Smart Ingest lets you pull data stored in your Databricks warehouse and push it to Iterable. Supported databases include serverless and classic SQL Databricks warehouses.
NOTE
Contact your Iterable customer success manager to discuss adding Smart Ingest to your plan.
Smart Ingest can only import data from Databricks.
In this article
Connection requirements
Before you can connect Smart Ingest to Databricks, you need to do the following:
Allowing Smart Ingest IPs in Databricks
Before connecting, make sure you have allowed Smart Ingest IPs in Databricks.
Databricks connection details
Smart Ingest connects to Databricks using Open Database Connectivity (ODBC).
To connect to Databricks, you need the following details:
- Server Hostname
-
Port - The default port number is
443
, but yours may be different. - HTTP Path
- (Optional) Catalog - Catalogs are the first level of Unity Catalog's three-level namespace. If you specify a catalog, only schemas from that catalog are available.
- Schema
- SQL Dialect - Databricks SQL (default) or ANSI SQL-92. By default, Smart Ingest assumes that your queries use the Databricks SQL dialect. You may wish to override this behavior if your queries use legacy ANSI SQL-92 syntax. (Some features are unavailable when legacy syntax is used.)
- Access Token
Connecting Databricks to Smart Ingest
Step 1: Set up Databricks
This section walks you through getting connection details for your Databricks cluster and using your credentials to connect to Smart Ingest.
In your Databricks account console, go to the Workspaces page. Select the relevant workspace and then click Open Workspace.
In your workspace, go to the Compute page and click the relevant cluster. This brings you to its Configuration tab.
At the bottom of the page, expand the Advanced Options toggle and open the JDBC/ODBC tab.
This tab displays your cluster's Server Hostname, Port, and HTTP Path. Keep the tab open, or save these details to a secure location.
Create a Personal Access Token by following the Databricks guide.
Once you've saved these Databricks credentials, you're ready to set up the connection in Iterable.
Step 2: Connect to Databricks
To connect your Databricks warehouse to Smart Ingest:
Log in to Iterable as a user with the Manage Integrations project permission and open the project you’re working on.
Go to Integrations > Smart Ingest.
Click Connect a New Source.
Select Databricks, then click Continue.
-
In Step 1, enter your connection details for Databricks:
- Server hostname
- Port
- HTTP path
- Catalog (optional)
- Schema
- SQL dialect: select Databricks SQL (default) or ANSI SQL-92
-
In Step 2, choose from the Lightning or Basic sync engine. Lightning is faster and more efficient, but requires the database user to have write access. Basic is slower and less efficient, but doesn’t require write access.

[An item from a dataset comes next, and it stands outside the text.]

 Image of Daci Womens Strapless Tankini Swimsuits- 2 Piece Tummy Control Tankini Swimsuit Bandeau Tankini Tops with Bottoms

To view the additional permissions required for the database user, select the Lightning sync engine. These permissions are necessary for Smart Ingest to create and manage the sync schema, and are customized based on the other inputs you provide in the source setup form.
To learn more about sync engines, read Optimizing Smart Ingest Sync Performance.
NOTE
Smart Ingest is co-developed by Iterable and Hightouch. Hightouch is a data processor for this feature. Smart Ingest data operations and schemas may contain the Hightouch name, but the feature is fully supported by Iterable.
In Step 3, enter your Access Token.
Click Continue. Smart Ingest automatically tests the connection.
When the connection test is successful, click Continue. (If there are problems connecting, click Back and review the connection details for accuracy.)
Add a name for your data source. This is for display in Iterable.
Click Finish.
Next steps
You've now connected your data warehouse to Smart Ingest. The next thing you can do is create a sync.
Troubleshooting Databricks
Unity Catalog support
Smart Ingest integrates with Databricks' Unity Catalog feature. During initial configuration, just make sure to include a catalog.
Subquery error
Some Databricks models return the following error:
java.lang.IllegalArgumentException: requirement failed: Subquery subquery#485, [id=#937] has not finished {...}.
This error can occur when the model query contains a subquery, especially when the subquery has an ORDER BY clause. For example:
SELECT user_query.* FROM ( SELECT * FROM default.subscriptions_table ORDER BY last_name ) user_query.*
The best way to resolve the error is to rewrite your model query to remove subqueries. As an alternative, common table expressions (CTE) are supported.
Error connecting to the database. Unauthorized/Forbidden: 403
This error can occur when testing the source connection or when running a sync that uses a Databricks model. It is typically caused by an expired Databricks access token. To solve this, generate a new token and insert it in the source configuration.